2013-05-03 Thread Steven D'Aprano

On 04/05/13 14:13, Jim Mooney wrote:

I'm turning an integer into a string so I can make a list of separate
chars, then turn those chars back into individual ints, but the
resulting list still looks like string chars when I print it. What am
I doing wrong?

listOfNumChars = list(str(intNum))


This creates a list of characters.



for num in listOfNumChars:
 num = int(num)


This walks over the list, setting the variable num to each character in turn, then inside 
the loop you set the variable num to the converted char-int. But num isn't linked to 
the list in any way -- num has no memory that the value it got came from a list. Reassigning num 
inside the loop doesn't touch the list in any way, so naturally the list doesn't change.



print(listOfNumChars)

# result of 455 entered is ['4', '5', '5']

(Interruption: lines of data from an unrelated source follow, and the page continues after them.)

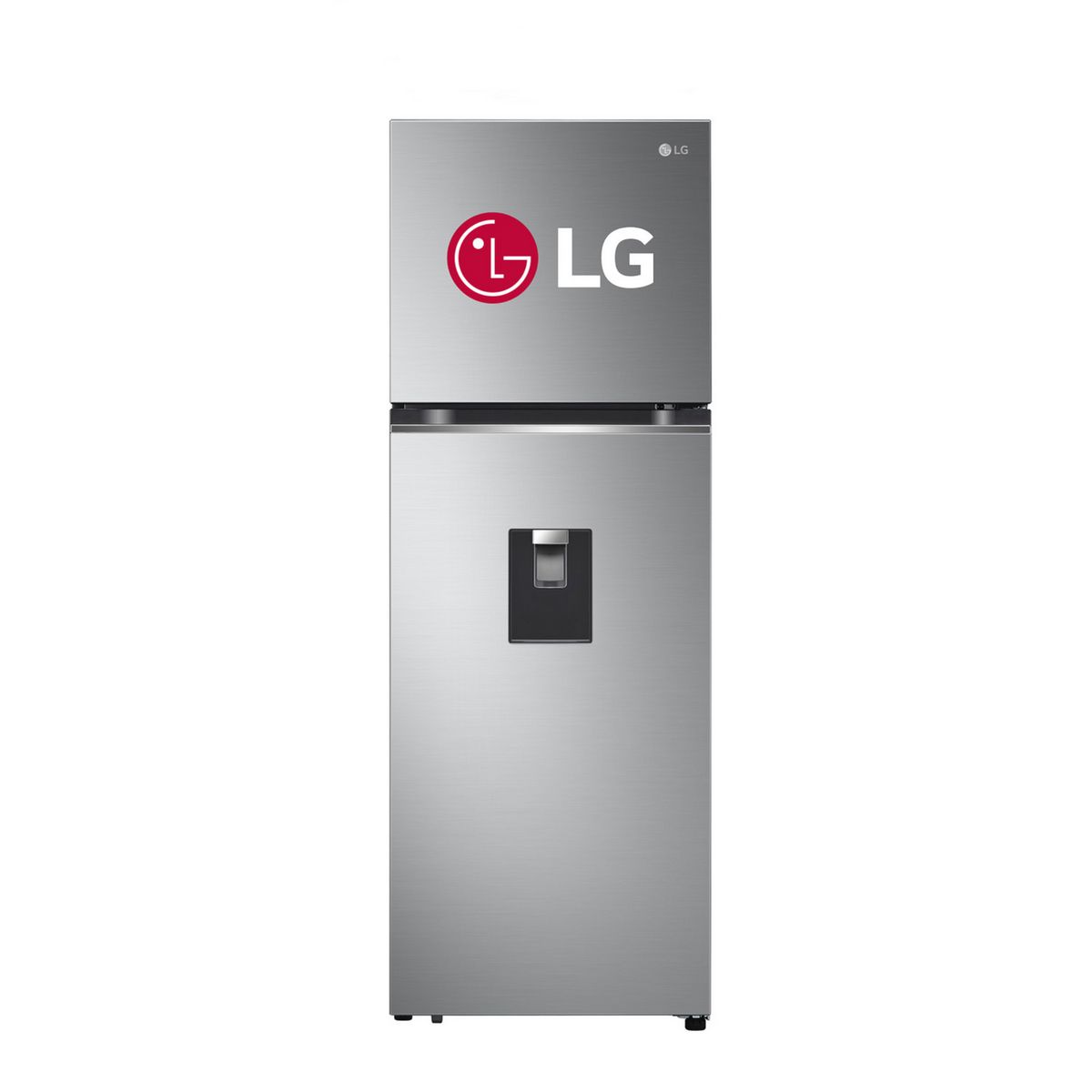 LG - Refrigeradora Lg Top Freezer 334 Litros GT33WPP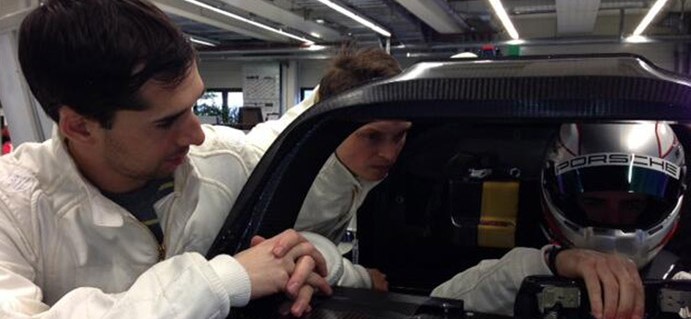 Porsche announces driver line ups for LMP1 919 Hybrid
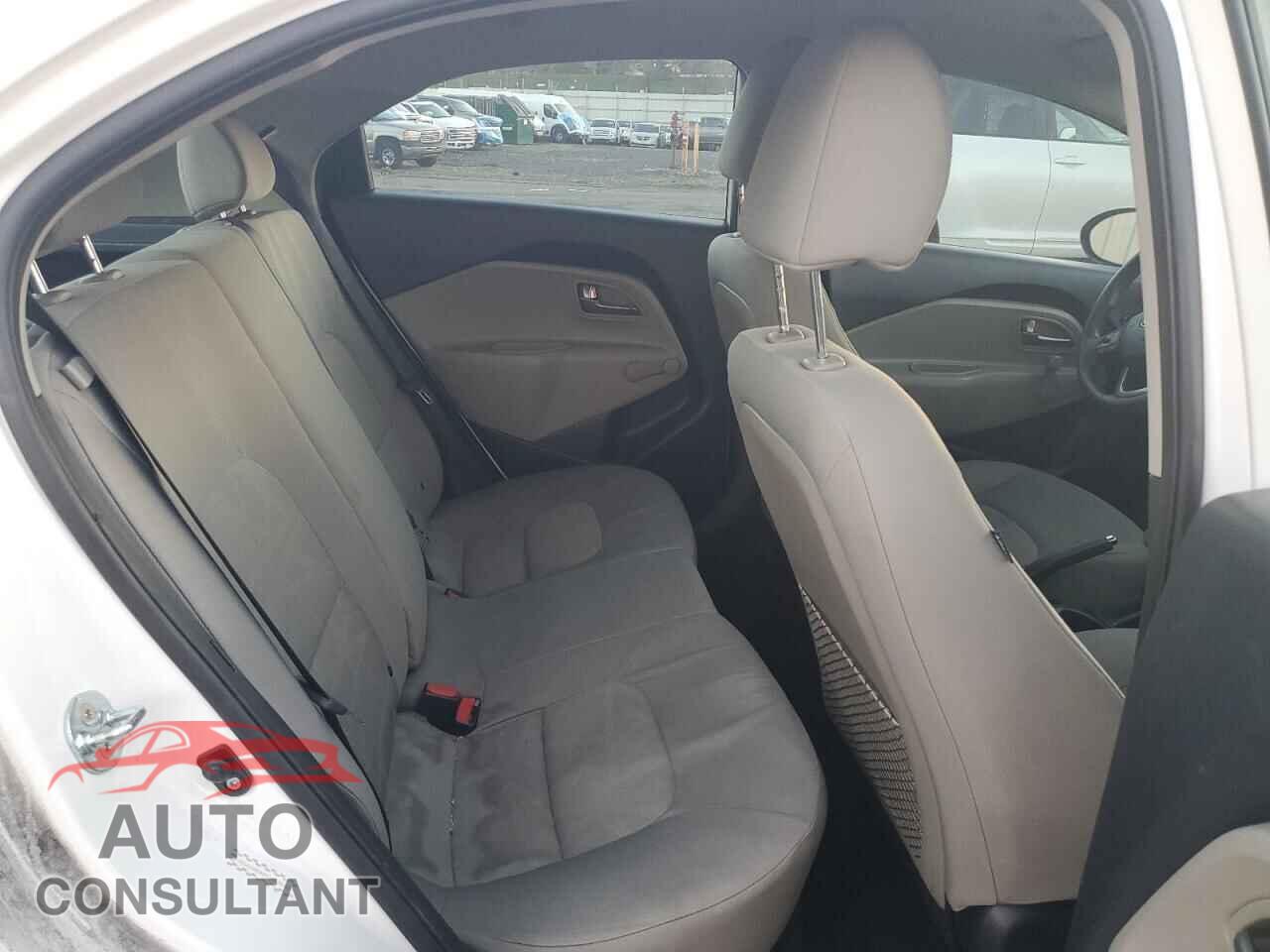 KIA RIO 2016 - KNADM5A30G6633453
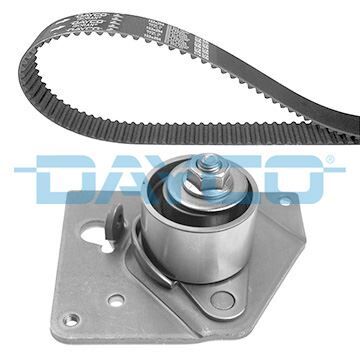 Eksantrik Gergi Kiti 132X260 Master Iı 01>Trafıc Iı 01>06 Laguna Iı 01>07 Movano 01>Vıvaro 1.9Dcı F9q DAYCO KTB465
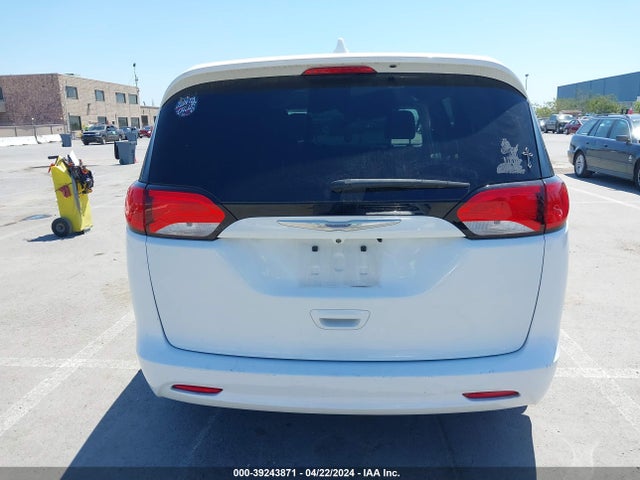 Chrysler Pacifica Lx 2017 2C4RC1CG2HR748280 Image 16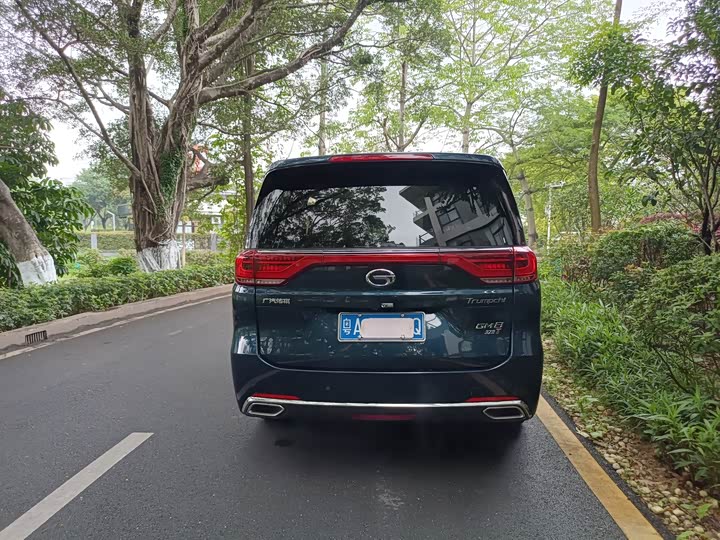 Trumpchi M8 2018 320 T — фото 5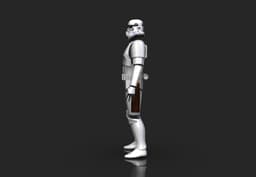 StormTrooper 3d model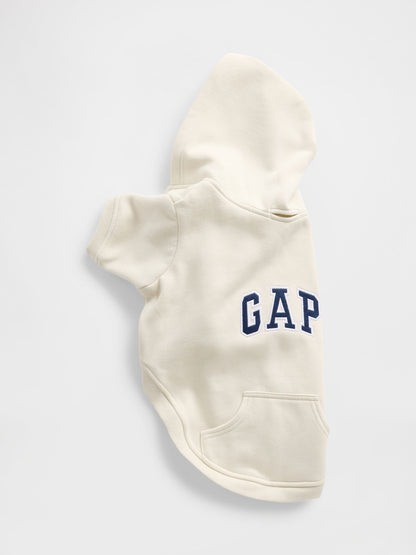Beyaz Gap Logo Köpek Kıyafeti
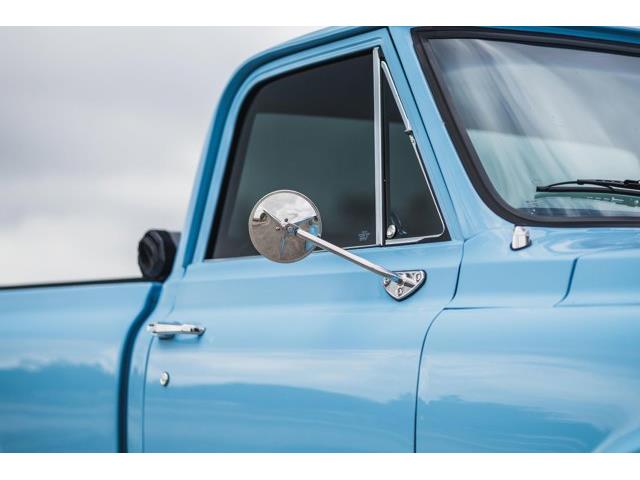 1969 Chevrolet C10 (CC-2067171) for sale in Carrollton, Texas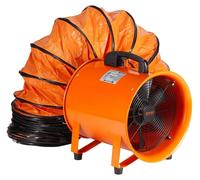Ventilateur - Ventilateur industriel - Ventilateur axial - Ventilateur pour atelier - Ventilateur de ventilation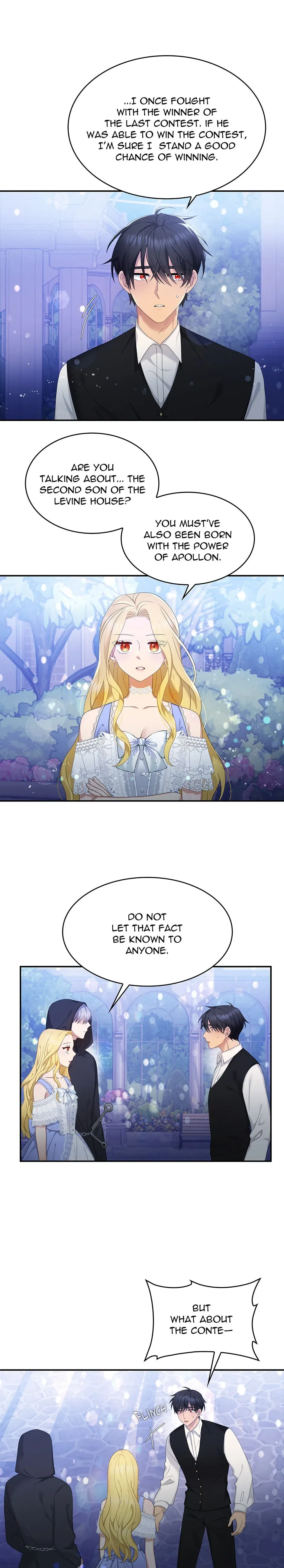The Two-Faced Princess Chapter 30 – Page 6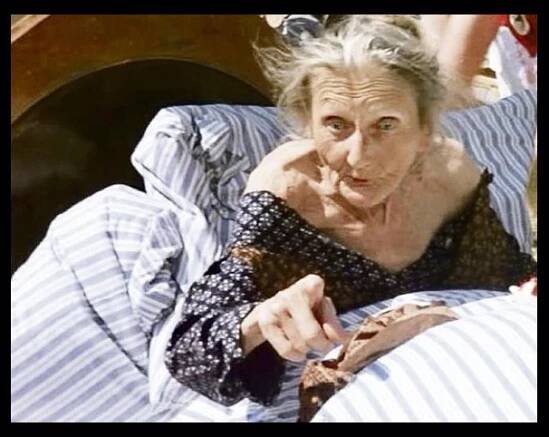 FOTO: Valerie Kaplanová ve filmu slunce, seno, erotika. – stránka 14
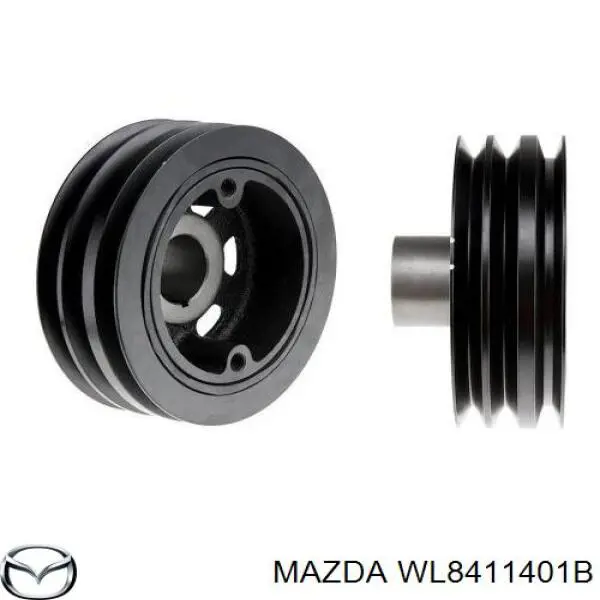 WL8411401B Mazda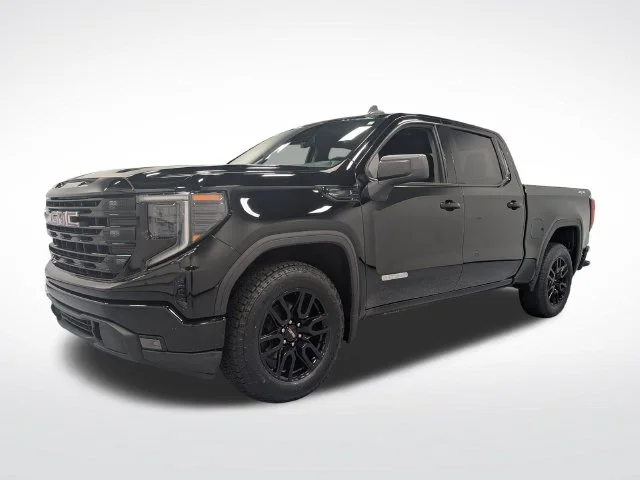 Used 2023 Black GMC Elevation image 4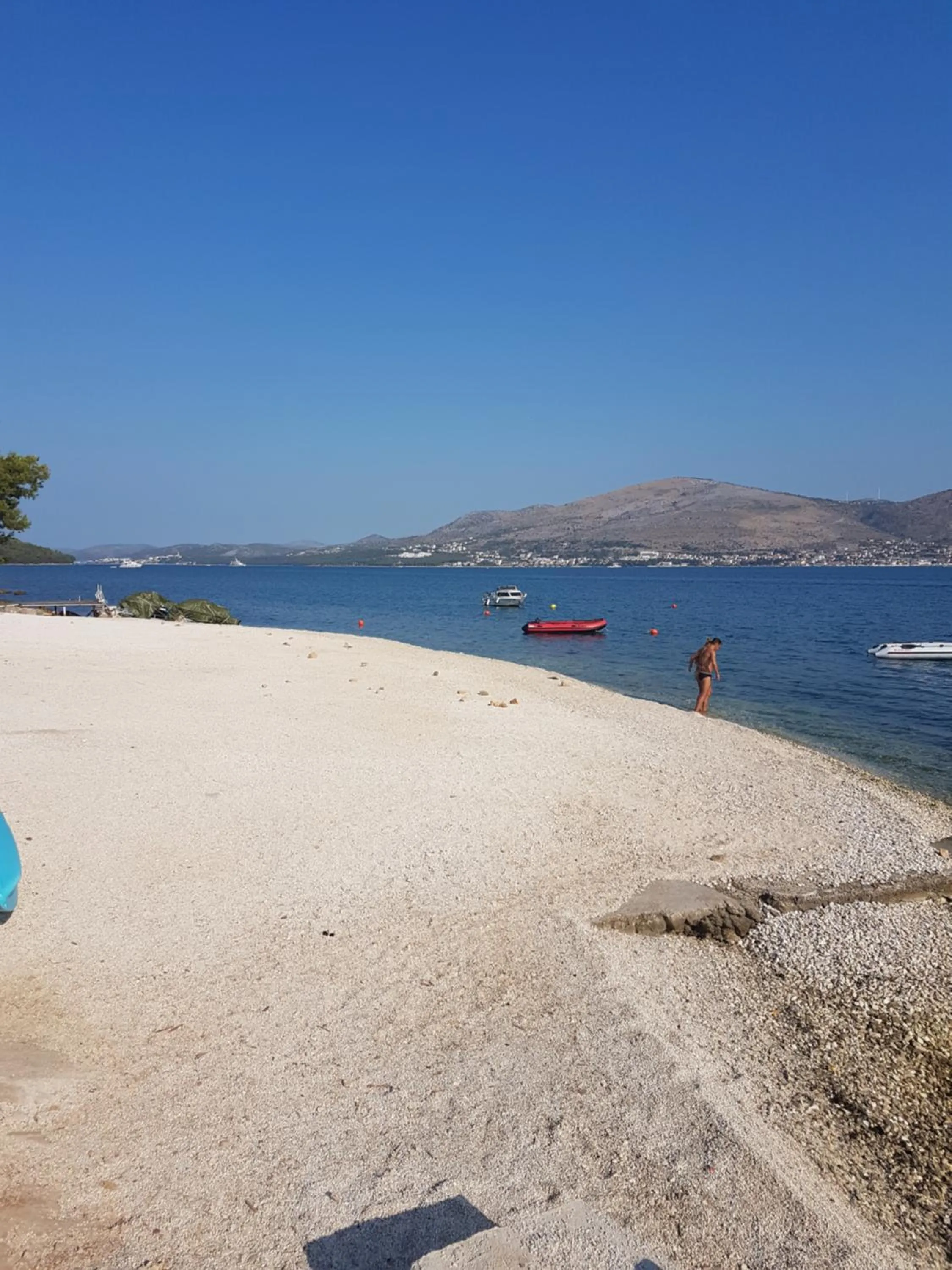 Other in Apartments Silva with a view of sea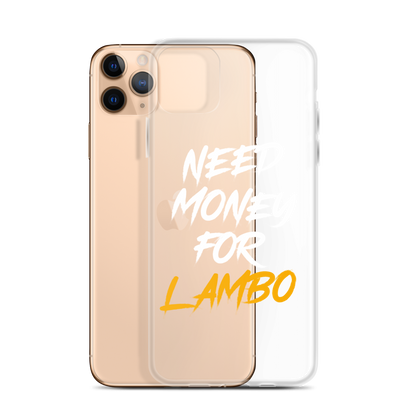 Need Lambo iPhone® Case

To split a number into digits, the shortest way is to use a list comprehension:


digits = [int(c) for c in str(num)]


We can expand that list comp into a for-loop:


digits = []
for c in str(num):
digits.append(int(c))



Notice that there is no need to convert the string into a list. You can iterate 
over the characters of a string just fine.

If you prefer to create a list, then modify it in place, we can do this:


digits = list(str(num))
for position, char in enumerate(digits):
digits[position] = int(char)



Here we use enumerate() to iterate over pairs of (position, value) instead of 
just value:

py list(abcd)
['a', 'b', 'c', 'd']
py list(enumerate(abcd))
[(0, 'a'), (1, 'b'), (2, 'c'), (3, 'd')]



Here's another way, using map:


digits = map(int, str(num))  # Python 2.x only

digits = list(map(int, str(num)))  # Python 3.x or better



Why the difference between Python 2.x and 3.x? In 2.x, map is eager, it runs all the 
way through the string as soon as you call it, returning a list. In 3.x, map is lazy, 
and only generates values when and as needed. By wrapping the map generator in a call to list, that 
forces it to run all the way through the string.